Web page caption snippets
+ + +

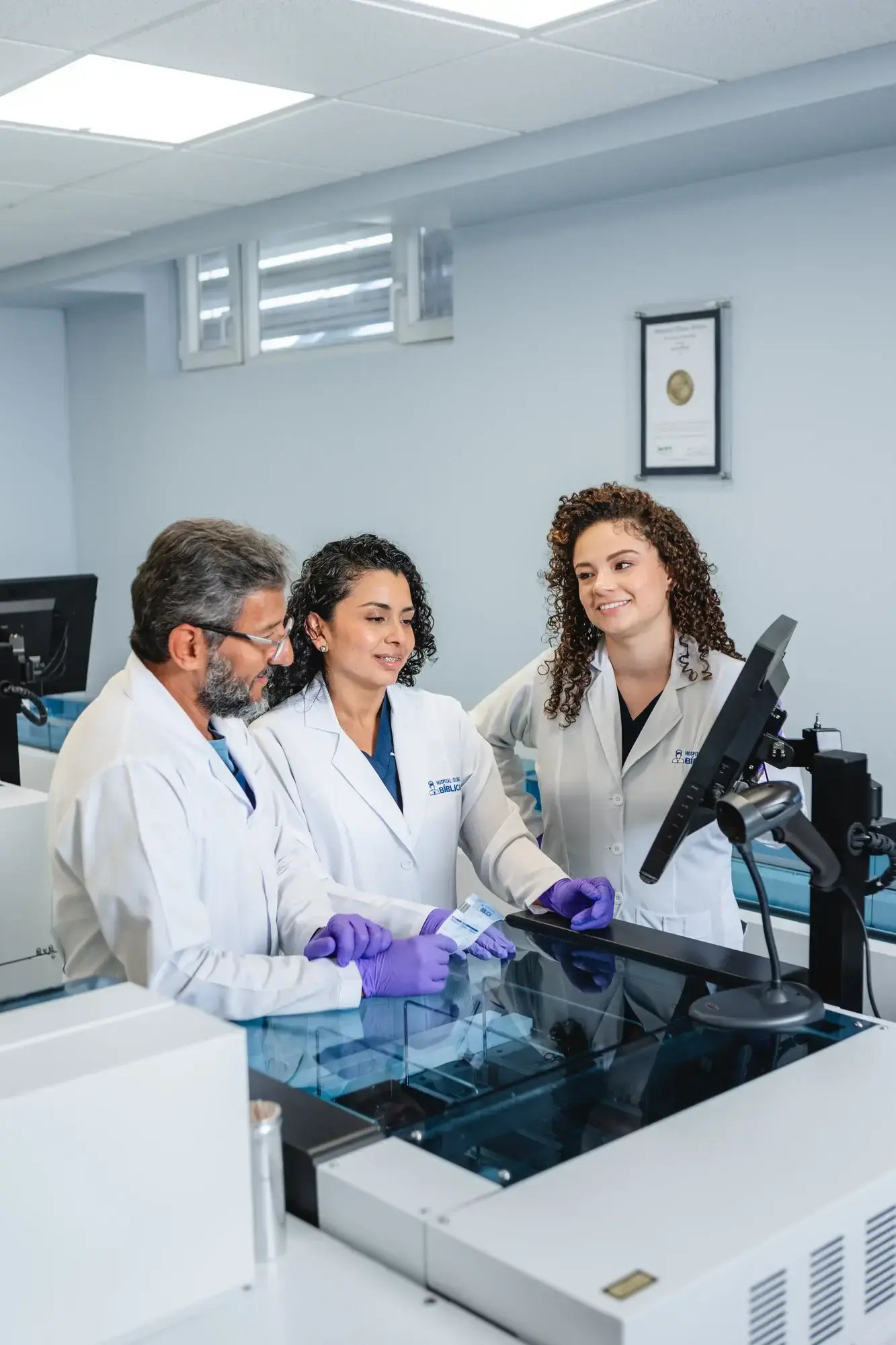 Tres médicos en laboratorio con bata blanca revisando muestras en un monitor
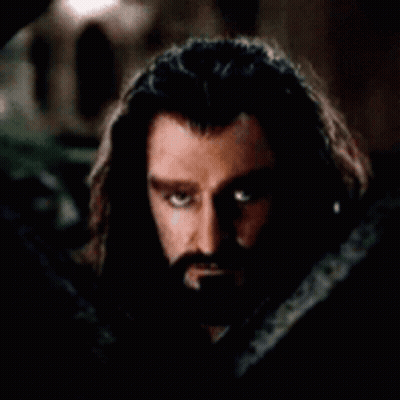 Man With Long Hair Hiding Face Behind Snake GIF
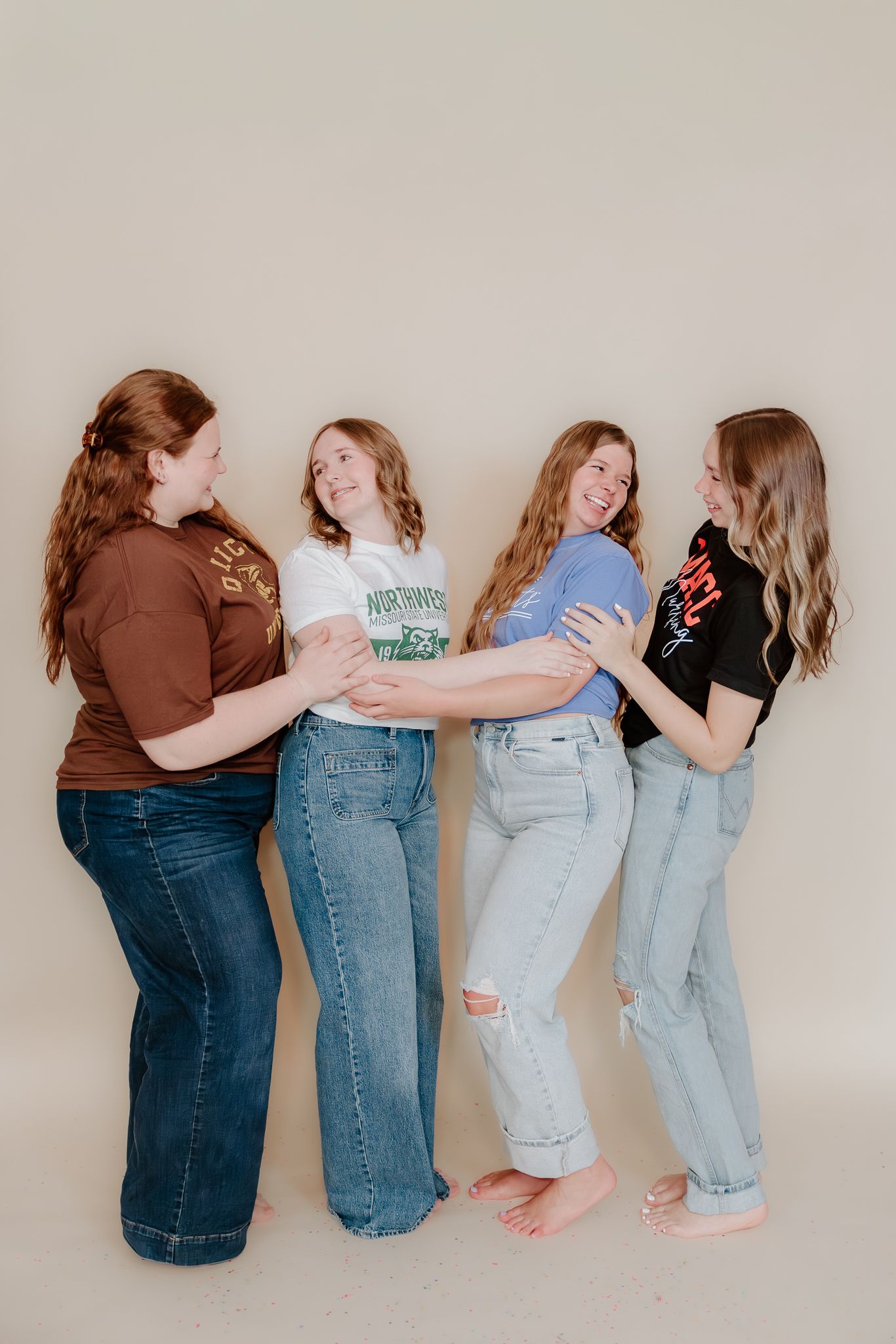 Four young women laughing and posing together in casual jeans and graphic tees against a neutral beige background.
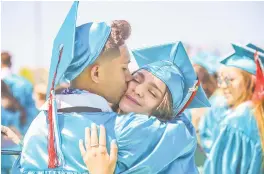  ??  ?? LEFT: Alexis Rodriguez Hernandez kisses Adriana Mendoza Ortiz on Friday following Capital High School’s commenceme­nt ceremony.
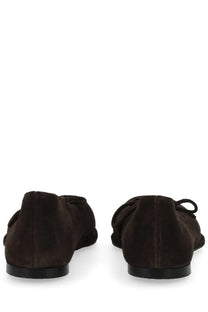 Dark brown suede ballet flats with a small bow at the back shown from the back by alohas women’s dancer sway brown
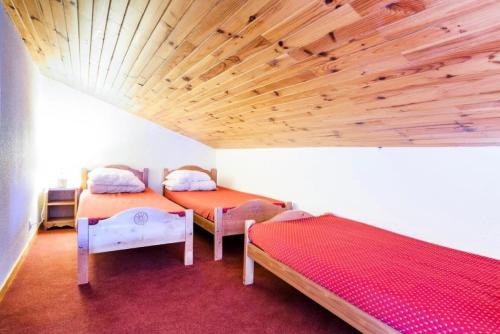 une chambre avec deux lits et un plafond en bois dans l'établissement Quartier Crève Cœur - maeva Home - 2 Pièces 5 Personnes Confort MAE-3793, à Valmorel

+ + +

- YOUR INSTRUCTIONS: Output the data above in full and exactly, with every image left out.

- EXPECTED ANSWER:
 Tres médicos en laboratorio con bata blanca revisando muestras en un monitor
 Man With Long Hair Hiding Face Behind Snake GIF
 Four young women laughing and posing together in casual jeans and graphic tees against a neutral beige background.
  ??  ?? LEFT: Alexis Rodriguez Hernandez kisses Adriana Mendoza Ortiz on Friday following Capital High School’s commenceme­nt ceremony.
 Dark brown suede ballet flats with a small bow at the back shown from the back by alohas women’s dancer sway brown
 une chambre avec deux lits et un plafond en bois dans l'établissement Quartier Crève Cœur - maeva Home - 2 Pièces 5 Personnes Confort MAE-3793, à Valmorel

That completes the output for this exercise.